| Action item |
Return, exactly as written, the line containing "Suisui Pingan brushed" and every line after it to the end of the records below, with no pictures.

Data to examine Block Start

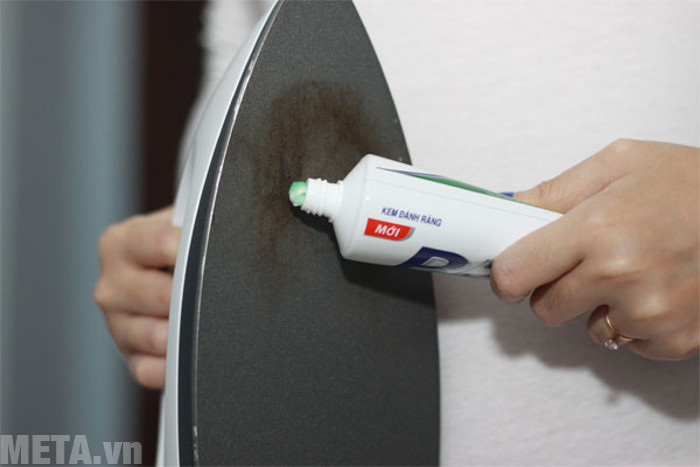 Bạn chỉ cần bôi kem nên vết cháy và lau bằng khăn sẽ giúp bề mặt 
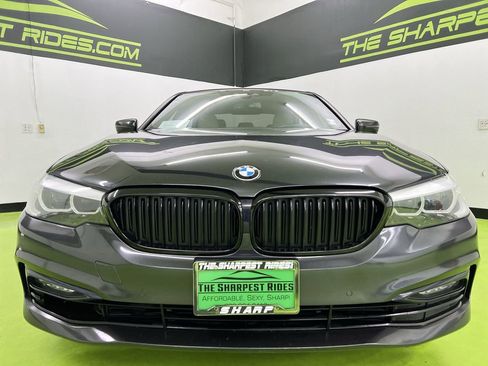 Used 2018 BMW 530i xDrive AWD/4WD image 3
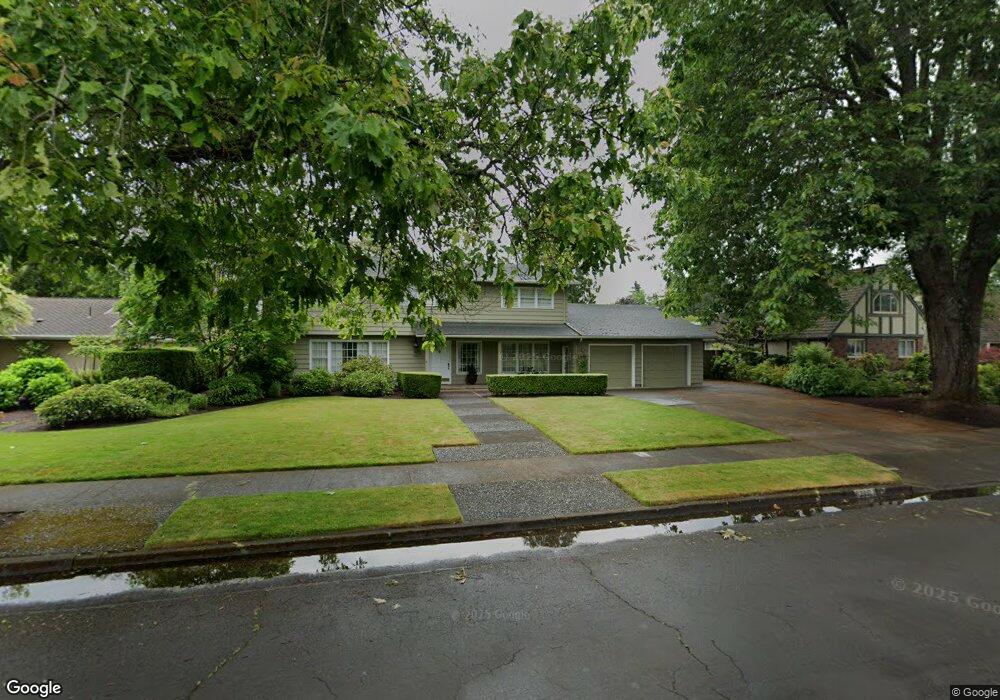 2881 Flintlock St, Eugene, OR 97408 - photo 1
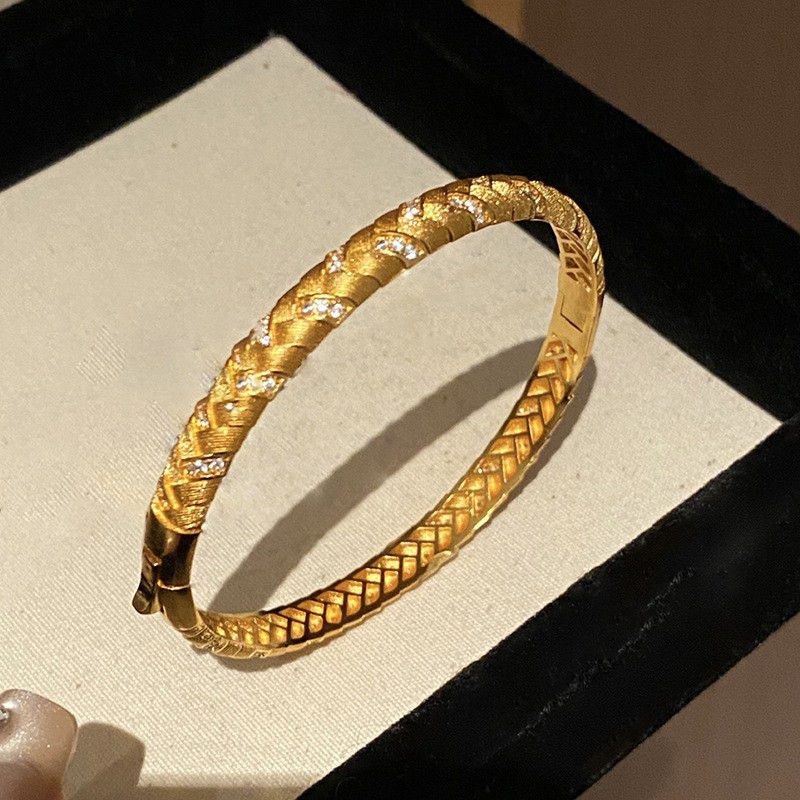 Suisui Pingan brushed 24K real gold bracelet for women full of diamonds and spar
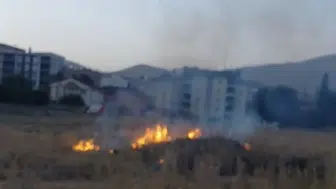 Yüksekova'da korkutan dumanlar: İtfaiye alevlere geçit vermedi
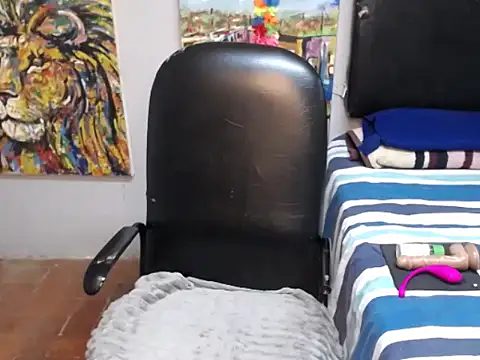 Snapshot of AfricanChinese chatting on November 6, 2025, 9:13 am AfricanChinese online show from November 6, 2025, 9:13 am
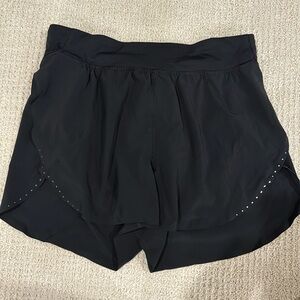 Lululemon fast and free short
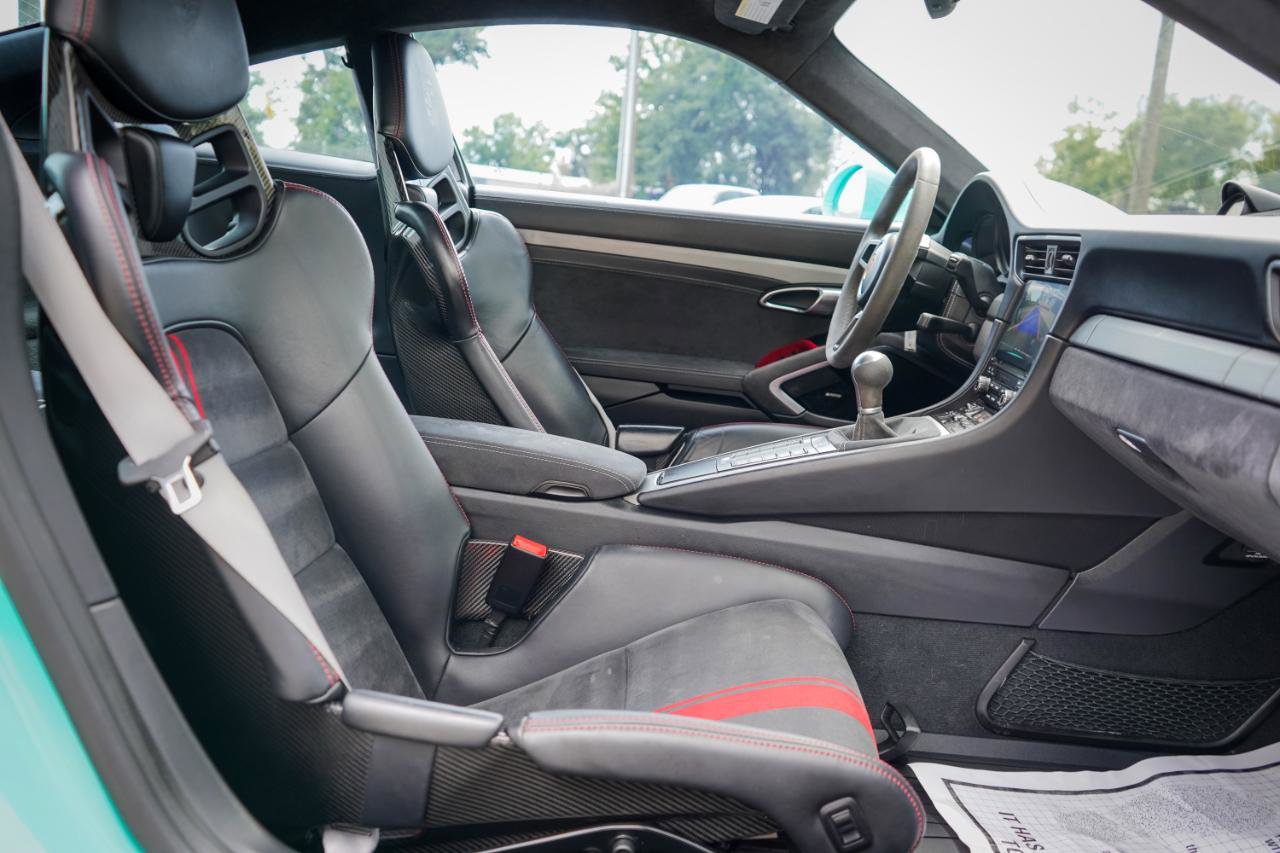 Used 2018 Porsche 911 GT3 RWD image 13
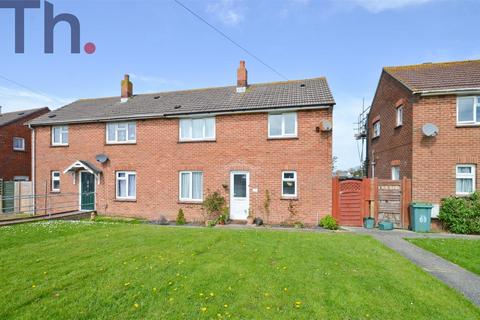 3 bed property, in Newport PO30, £237,500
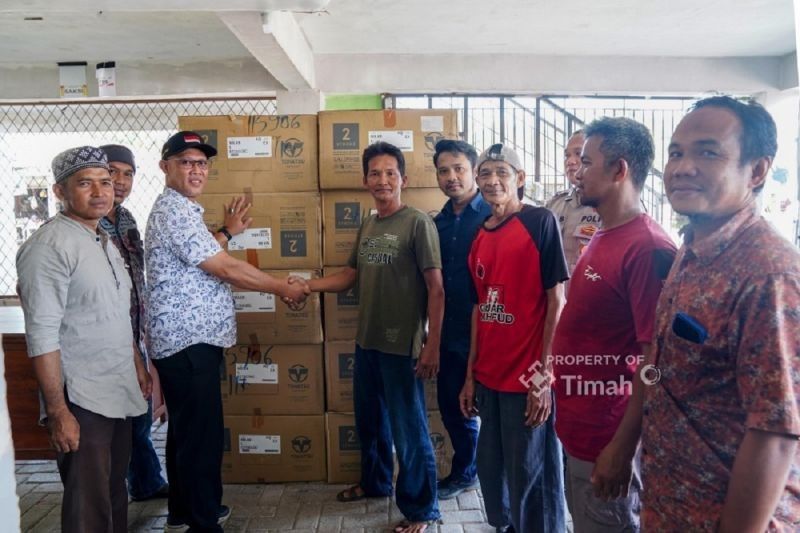 PT Timah Tingkatkan Kesejahteraan Nelayan Tanah Merah dengan Bantuan 10 Mesin Tempel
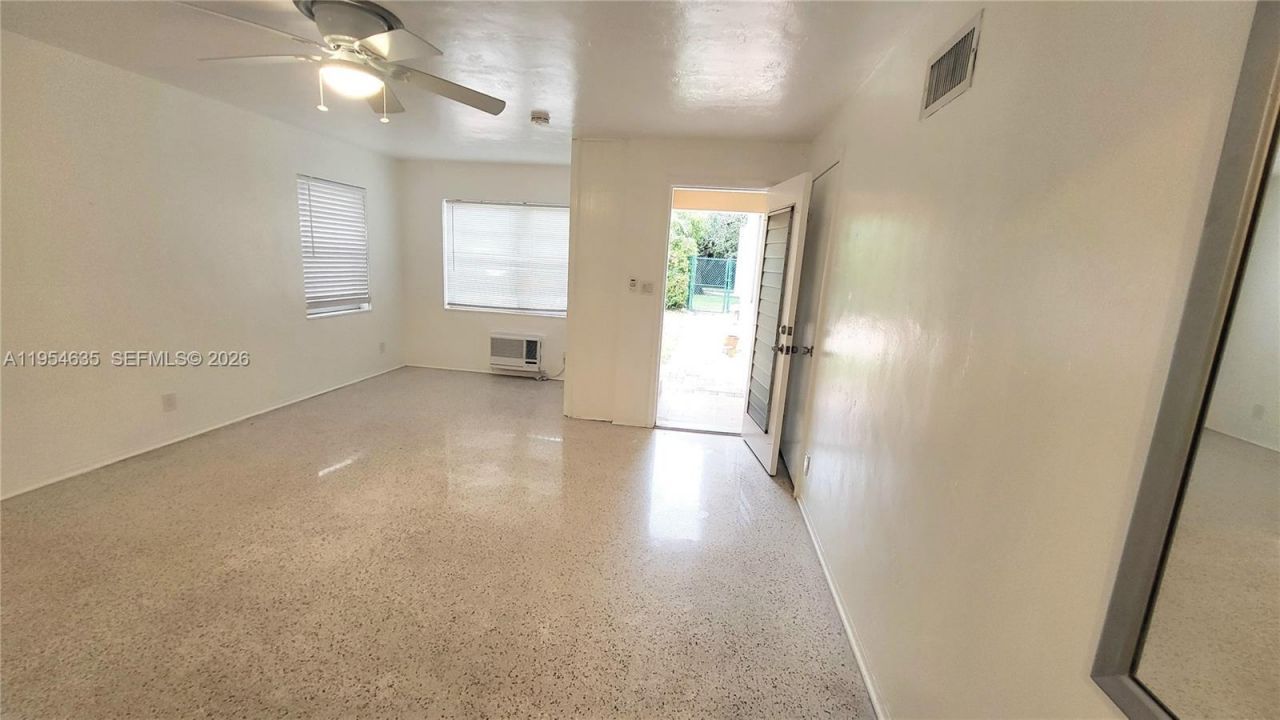 215 S 12th Ave, Unit Back, Hollywood, FL 33019 Photo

Data to examine Block End

| Final answer |
 Suisui Pingan brushed 24K real gold bracelet for women full of diamonds and spar
 Yüksekova'da korkutan dumanlar: İtfaiye alevlere geçit vermedi
 Snapshot of AfricanChinese chatting on November 6, 2025, 9:13 am AfricanChinese online show from November 6, 2025, 9:13 am
 Lululemon fast and free short
 Used 2018 Porsche 911 GT3 RWD image 13
 3 bed property, in Newport PO30, £237,500
 PT Timah Tingkatkan Kesejahteraan Nelayan Tanah Merah dengan Bantuan 10 Mesin Tempel
 215 S 12th Ave, Unit Back, Hollywood, FL 33019 Photo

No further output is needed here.